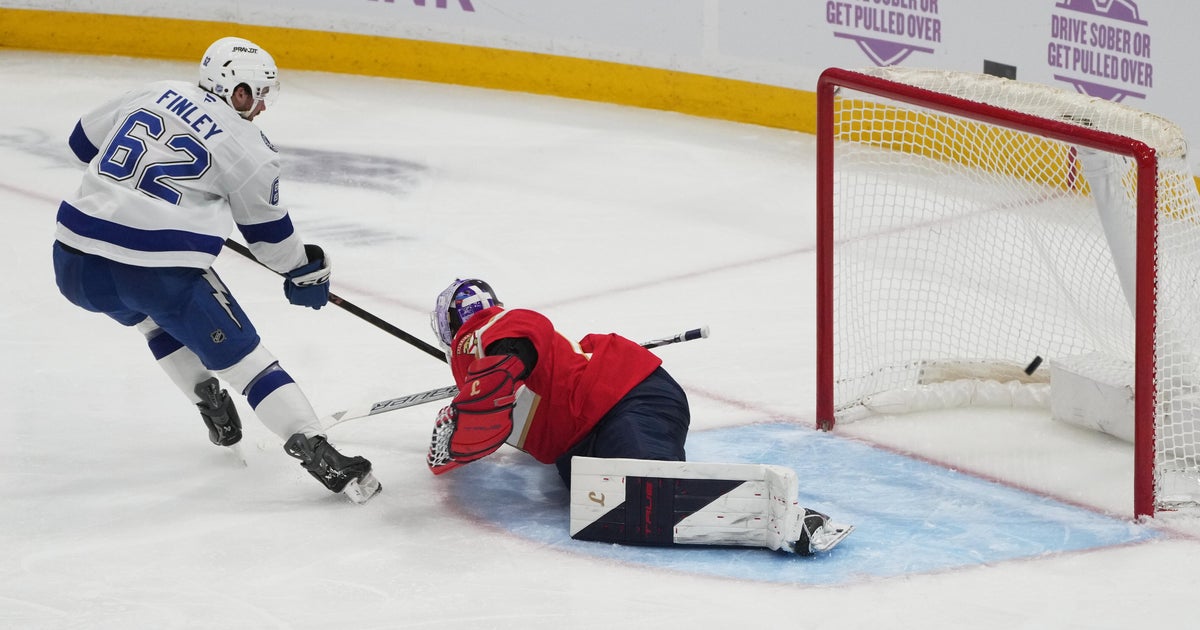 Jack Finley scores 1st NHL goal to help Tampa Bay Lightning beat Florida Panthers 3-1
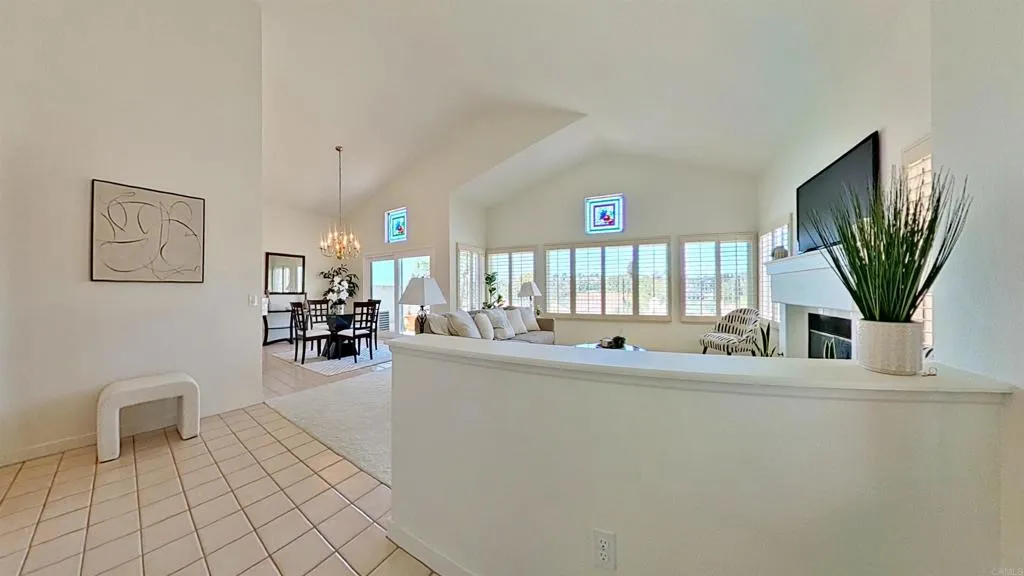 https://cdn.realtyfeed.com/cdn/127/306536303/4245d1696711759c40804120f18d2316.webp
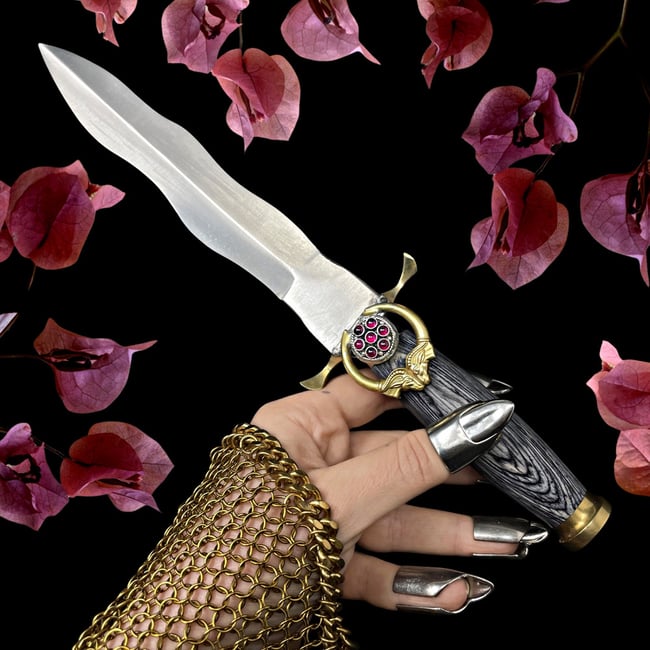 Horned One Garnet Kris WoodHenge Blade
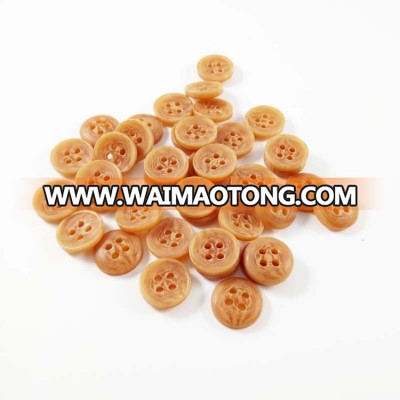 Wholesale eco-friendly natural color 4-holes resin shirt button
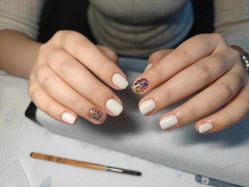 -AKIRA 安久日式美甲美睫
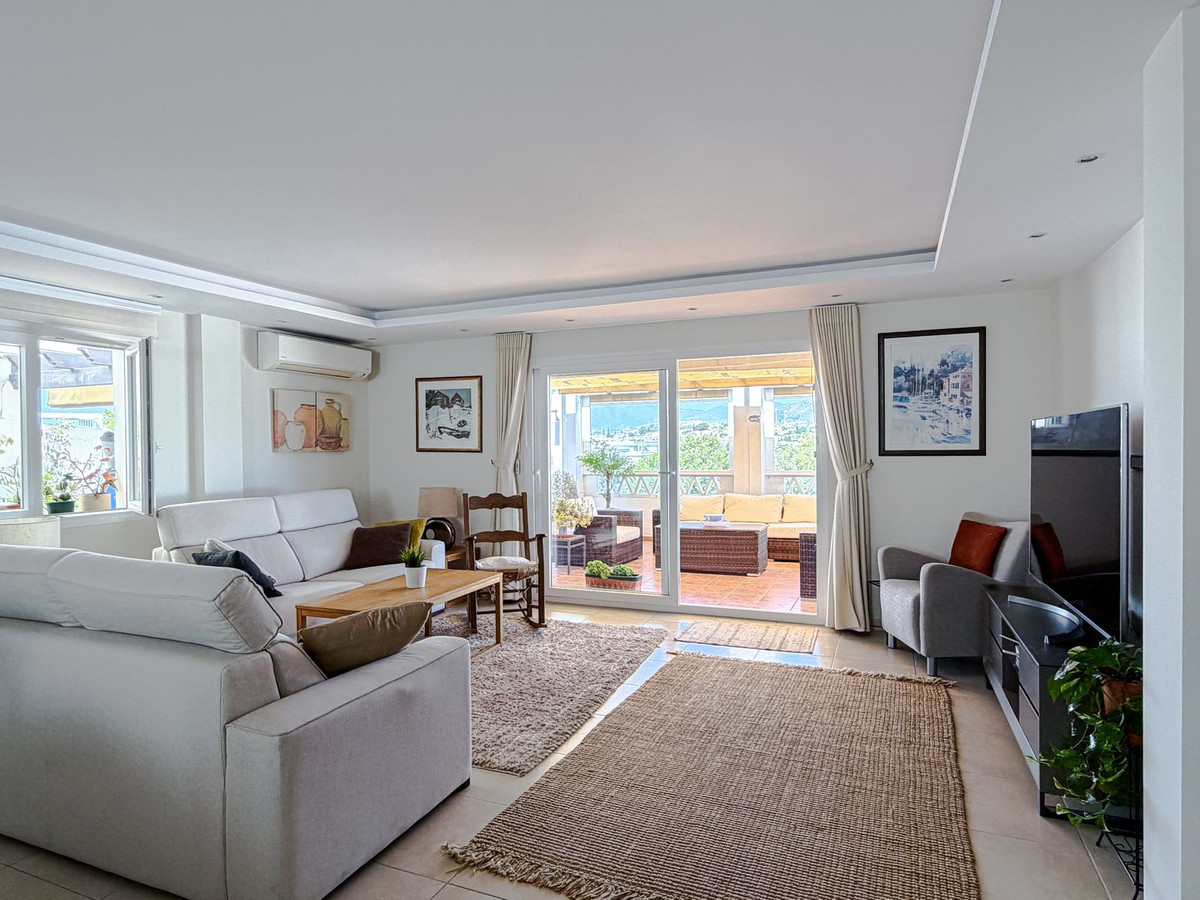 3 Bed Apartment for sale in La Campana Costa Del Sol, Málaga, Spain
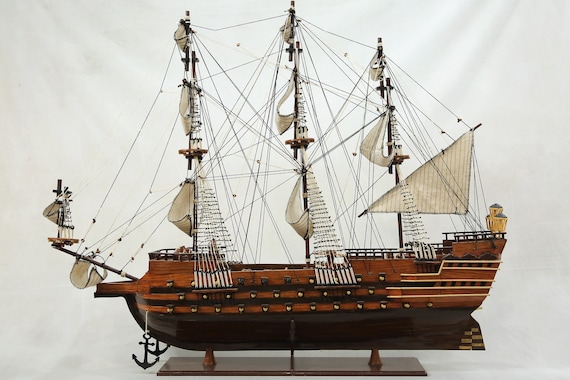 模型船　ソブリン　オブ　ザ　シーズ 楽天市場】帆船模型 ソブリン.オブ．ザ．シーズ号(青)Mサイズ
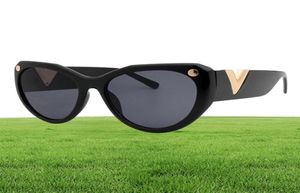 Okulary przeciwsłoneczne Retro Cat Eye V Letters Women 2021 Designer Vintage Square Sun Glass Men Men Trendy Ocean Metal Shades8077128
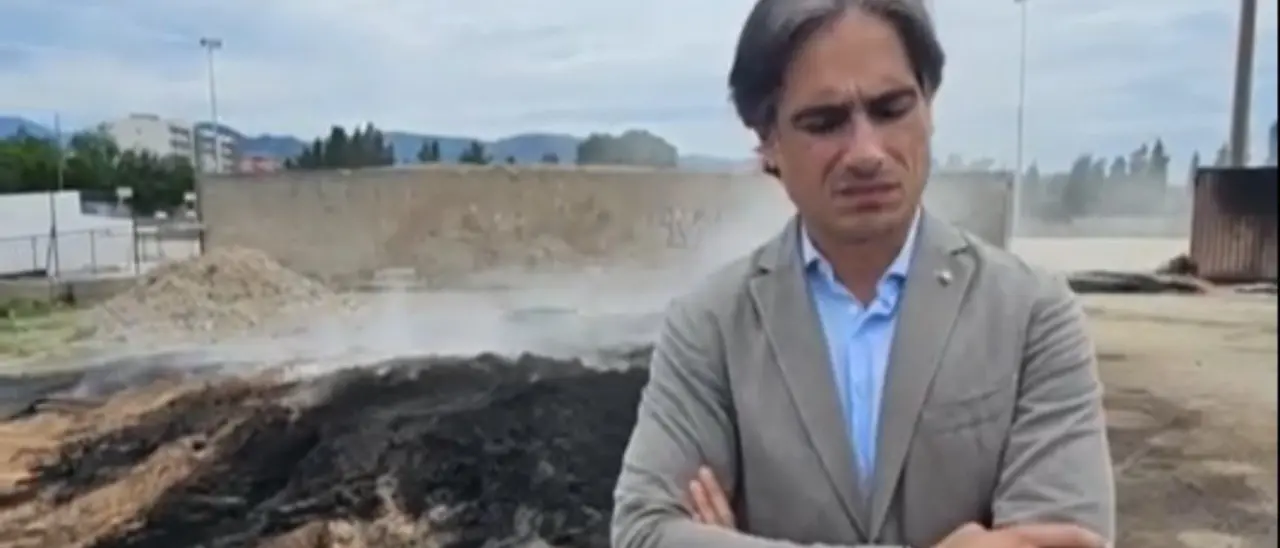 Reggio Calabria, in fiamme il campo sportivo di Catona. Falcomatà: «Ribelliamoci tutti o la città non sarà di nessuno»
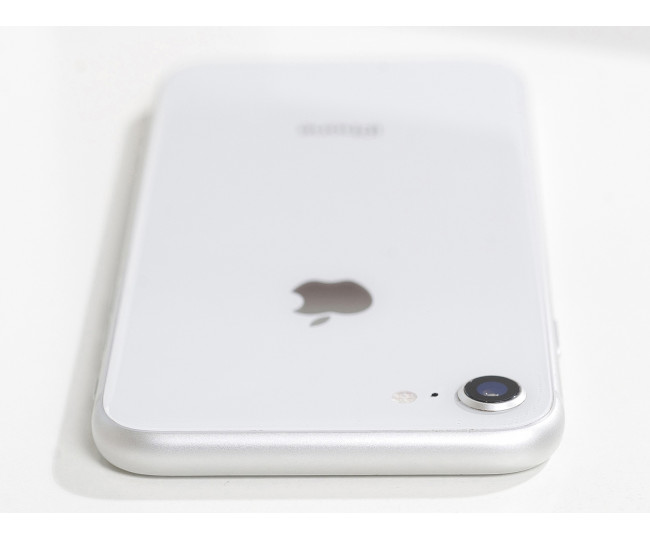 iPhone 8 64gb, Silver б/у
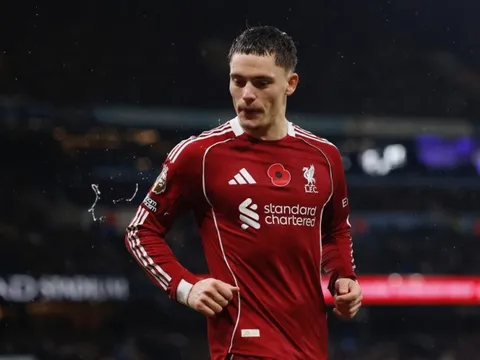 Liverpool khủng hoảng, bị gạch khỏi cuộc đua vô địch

***

*What the task asks:* Return the complete material exactly as it appears, without images.

*Completed task:*
 Jack Finley scores 1st NHL goal to help Tampa Bay Lightning beat Florida Panthers 3-1
 https://cdn.realtyfeed.com/cdn/127/306536303/4245d1696711759c40804120f18d2316.webp
 Horned One Garnet Kris WoodHenge Blade
 Wholesale eco-friendly natural color 4-holes resin shirt button
 -AKIRA 安久日式美甲美睫
 3 Bed Apartment for sale in La Campana Costa Del Sol, Málaga, Spain
 模型船　ソブリン　オブ　ザ　シーズ 楽天市場】帆船模型 ソブリン.オブ．ザ．シーズ号(青)Mサイズ
 Okulary przeciwsłoneczne Retro Cat Eye V Letters Women 2021 Designer Vintage Square Sun Glass Men Men Trendy Ocean Metal Shades8077128
 Reggio Calabria, in fiamme il campo sportivo di Catona. Falcomatà: «Ribelliamoci tutti o la città non sarà di nessuno»
 iPhone 8 64gb, Silver б/у
 Liverpool khủng hoảng, bị gạch khỏi cuộc đua vô địch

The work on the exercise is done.